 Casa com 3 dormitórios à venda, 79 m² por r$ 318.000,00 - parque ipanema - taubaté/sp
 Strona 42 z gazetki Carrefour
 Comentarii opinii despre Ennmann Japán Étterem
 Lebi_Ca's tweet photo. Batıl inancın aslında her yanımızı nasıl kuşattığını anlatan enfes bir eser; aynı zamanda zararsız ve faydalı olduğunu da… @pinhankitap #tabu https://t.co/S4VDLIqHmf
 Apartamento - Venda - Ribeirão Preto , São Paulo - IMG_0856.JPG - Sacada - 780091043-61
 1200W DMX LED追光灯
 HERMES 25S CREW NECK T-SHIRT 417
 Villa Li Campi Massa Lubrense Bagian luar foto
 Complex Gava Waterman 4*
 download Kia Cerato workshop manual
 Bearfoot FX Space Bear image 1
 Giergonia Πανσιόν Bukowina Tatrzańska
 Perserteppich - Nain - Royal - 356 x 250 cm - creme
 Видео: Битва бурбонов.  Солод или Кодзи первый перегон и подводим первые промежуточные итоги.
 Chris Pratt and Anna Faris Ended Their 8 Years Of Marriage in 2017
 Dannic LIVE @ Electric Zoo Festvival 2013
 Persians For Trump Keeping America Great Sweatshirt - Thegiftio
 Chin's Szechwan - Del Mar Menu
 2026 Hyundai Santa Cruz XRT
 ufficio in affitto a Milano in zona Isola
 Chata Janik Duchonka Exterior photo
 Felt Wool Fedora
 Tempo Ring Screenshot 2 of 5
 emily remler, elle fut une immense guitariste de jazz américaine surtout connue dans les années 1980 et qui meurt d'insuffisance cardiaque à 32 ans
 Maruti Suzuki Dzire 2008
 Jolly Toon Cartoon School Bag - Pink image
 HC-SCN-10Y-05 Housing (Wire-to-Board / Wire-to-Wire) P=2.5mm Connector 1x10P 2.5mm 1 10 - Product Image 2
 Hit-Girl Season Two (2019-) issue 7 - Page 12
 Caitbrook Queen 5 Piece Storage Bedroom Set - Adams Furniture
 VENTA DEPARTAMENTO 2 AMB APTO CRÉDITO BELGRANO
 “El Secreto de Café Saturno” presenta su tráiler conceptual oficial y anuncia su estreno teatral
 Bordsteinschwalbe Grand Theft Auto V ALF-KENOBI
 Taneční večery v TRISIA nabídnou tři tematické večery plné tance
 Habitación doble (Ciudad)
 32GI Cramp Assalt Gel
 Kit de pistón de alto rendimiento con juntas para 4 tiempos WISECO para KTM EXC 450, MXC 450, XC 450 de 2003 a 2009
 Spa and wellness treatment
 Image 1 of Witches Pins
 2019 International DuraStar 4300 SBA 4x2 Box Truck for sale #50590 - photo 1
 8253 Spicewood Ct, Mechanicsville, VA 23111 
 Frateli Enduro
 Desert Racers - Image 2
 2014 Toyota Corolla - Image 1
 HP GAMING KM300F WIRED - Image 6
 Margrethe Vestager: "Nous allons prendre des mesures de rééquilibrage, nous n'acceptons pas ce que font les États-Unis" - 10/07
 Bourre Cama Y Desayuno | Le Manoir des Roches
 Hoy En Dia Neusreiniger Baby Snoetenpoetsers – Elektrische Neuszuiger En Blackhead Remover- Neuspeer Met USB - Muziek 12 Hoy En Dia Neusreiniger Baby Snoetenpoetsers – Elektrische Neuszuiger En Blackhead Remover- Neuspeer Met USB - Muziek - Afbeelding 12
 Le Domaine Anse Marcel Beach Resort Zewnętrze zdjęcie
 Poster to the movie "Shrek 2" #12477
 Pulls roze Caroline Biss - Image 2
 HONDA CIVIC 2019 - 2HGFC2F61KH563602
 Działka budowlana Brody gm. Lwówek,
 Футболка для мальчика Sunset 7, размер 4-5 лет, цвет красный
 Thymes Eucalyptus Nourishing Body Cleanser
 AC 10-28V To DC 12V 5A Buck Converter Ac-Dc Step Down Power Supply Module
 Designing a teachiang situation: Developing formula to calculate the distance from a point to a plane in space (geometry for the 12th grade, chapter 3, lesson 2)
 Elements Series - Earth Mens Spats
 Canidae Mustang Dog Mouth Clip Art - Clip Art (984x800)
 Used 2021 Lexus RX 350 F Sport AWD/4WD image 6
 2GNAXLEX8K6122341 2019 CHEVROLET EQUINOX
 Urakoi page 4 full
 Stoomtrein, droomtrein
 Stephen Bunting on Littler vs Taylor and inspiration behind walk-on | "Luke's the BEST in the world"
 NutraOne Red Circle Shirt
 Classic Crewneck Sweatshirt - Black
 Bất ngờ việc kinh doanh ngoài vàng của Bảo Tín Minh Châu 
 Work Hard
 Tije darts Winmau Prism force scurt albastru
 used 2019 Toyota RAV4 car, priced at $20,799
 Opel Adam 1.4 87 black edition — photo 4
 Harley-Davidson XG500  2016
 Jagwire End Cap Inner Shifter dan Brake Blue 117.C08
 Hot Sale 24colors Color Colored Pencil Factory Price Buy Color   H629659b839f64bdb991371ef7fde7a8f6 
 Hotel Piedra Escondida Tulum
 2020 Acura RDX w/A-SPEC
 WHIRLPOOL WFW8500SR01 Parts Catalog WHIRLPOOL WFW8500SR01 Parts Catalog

▬▬▬▬▬▬▬▬▬▬

About this task — Reproduce all of the entries word for word. Omit nothing.

Exercise result —
 Casa com 3 dormitórios à venda, 79 m² por r$ 318.000,00 - parque ipanema - taubaté/sp
 Strona 42 z gazetki Carrefour
 Comentarii opinii despre Ennmann Japán Étterem
 Lebi_Ca's tweet photo. Batıl inancın aslında her yanımızı nasıl kuşattığını anlatan enfes bir eser; aynı zamanda zararsız ve faydalı olduğunu da… @pinhankitap #tabu https://t.co/S4VDLIqHmf
 Apartamento - Venda - Ribeirão Preto , São Paulo - IMG_0856.JPG - Sacada - 780091043-61
 1200W DMX LED追光灯
 HERMES 25S CREW NECK T-SHIRT 417
 Villa Li Campi Massa Lubrense Bagian luar foto
 Complex Gava Waterman 4*
 download Kia Cerato workshop manual
 Bearfoot FX Space Bear image 1
 Giergonia Πανσιόν Bukowina Tatrzańska
 Perserteppich - Nain - Royal - 356 x 250 cm - creme
 Видео: Битва бурбонов.  Солод или Кодзи первый перегон и подводим первые промежуточные итоги.
 Chris Pratt and Anna Faris Ended Their 8 Years Of Marriage in 2017
 Dannic LIVE @ Electric Zoo Festvival 2013
 Persians For Trump Keeping America Great Sweatshirt - Thegiftio
 Chin's Szechwan - Del Mar Menu
 2026 Hyundai Santa Cruz XRT
 ufficio in affitto a Milano in zona Isola
 Chata Janik Duchonka Exterior photo
 Felt Wool Fedora
 Tempo Ring Screenshot 2 of 5
 emily remler, elle fut une immense guitariste de jazz américaine surtout connue dans les années 1980 et qui meurt d'insuffisance cardiaque à 32 ans
 Maruti Suzuki Dzire 2008
 Jolly Toon Cartoon School Bag - Pink image
 HC-SCN-10Y-05 Housing (Wire-to-Board / Wire-to-Wire) P=2.5mm Connector 1x10P 2.5mm 1 10 - Product Image 2
 Hit-Girl Season Two (2019-) issue 7 - Page 12
 Caitbrook Queen 5 Piece Storage Bedroom Set - Adams Furniture
 VENTA DEPARTAMENTO 2 AMB APTO CRÉDITO BELGRANO
 “El Secreto de Café Saturno” presenta su tráiler conceptual oficial y anuncia su estreno teatral
 Bordsteinschwalbe Grand Theft Auto V ALF-KENOBI
 Taneční večery v TRISIA nabídnou tři tematické večery plné tance
 Habitación doble (Ciudad)
 32GI Cramp Assalt Gel
 Kit de pistón de alto rendimiento con juntas para 4 tiempos WISECO para KTM EXC 450, MXC 450, XC 450 de 2003 a 2009
 Spa and wellness treatment
 Image 1 of Witches Pins
 2019 International DuraStar 4300 SBA 4x2 Box Truck for sale #50590 - photo 1
 8253 Spicewood Ct, Mechanicsville, VA 23111 
 Frateli Enduro
 Desert Racers - Image 2
 2014 Toyota Corolla - Image 1
 HP GAMING KM300F WIRED - Image 6
 Margrethe Vestager: "Nous allons prendre des mesures de rééquilibrage, nous n'acceptons pas ce que font les États-Unis" - 10/07
 Bourre Cama Y Desayuno | Le Manoir des Roches
 Hoy En Dia Neusreiniger Baby Snoetenpoetsers – Elektrische Neuszuiger En Blackhead Remover- Neuspeer Met USB - Muziek 12 Hoy En Dia Neusreiniger Baby Snoetenpoetsers – Elektrische Neuszuiger En Blackhead Remover- Neuspeer Met USB - Muziek - Afbeelding 12
 Le Domaine Anse Marcel Beach Resort Zewnętrze zdjęcie
 Poster to the movie "Shrek 2" #12477
 Pulls roze Caroline Biss - Image 2
 HONDA CIVIC 2019 - 2HGFC2F61KH563602
 Działka budowlana Brody gm. Lwówek,
 Футболка для мальчика Sunset 7, размер 4-5 лет, цвет красный
 Thymes Eucalyptus Nourishing Body Cleanser
 AC 10-28V To DC 12V 5A Buck Converter Ac-Dc Step Down Power Supply Module
 Designing a teachiang situation: Developing formula to calculate the distance from a point to a plane in space (geometry for the 12th grade, chapter 3, lesson 2)
 Elements Series - Earth Mens Spats
 Canidae Mustang Dog Mouth Clip Art - Clip Art (984x800)
 Used 2021 Lexus RX 350 F Sport AWD/4WD image 6
 2GNAXLEX8K6122341 2019 CHEVROLET EQUINOX
 Urakoi page 4 full
 Stoomtrein, droomtrein
 Stephen Bunting on Littler vs Taylor and inspiration behind walk-on | "Luke's the BEST in the world"
 NutraOne Red Circle Shirt
 Classic Crewneck Sweatshirt - Black
 Bất ngờ việc kinh doanh ngoài vàng của Bảo Tín Minh Châu 
 Work Hard
 Tije darts Winmau Prism force scurt albastru
 used 2019 Toyota RAV4 car, priced at $20,799
 Opel Adam 1.4 87 black edition — photo 4
 Harley-Davidson XG500  2016
 Jagwire End Cap Inner Shifter dan Brake Blue 117.C08
 Hot Sale 24colors Color Colored Pencil Factory Price Buy Color   H629659b839f64bdb991371ef7fde7a8f6 
 Hotel Piedra Escondida Tulum
 2020 Acura RDX w/A-SPEC
 WHIRLPOOL WFW8500SR01 Parts Catalog WHIRLPOOL WFW8500SR01 Parts Catalog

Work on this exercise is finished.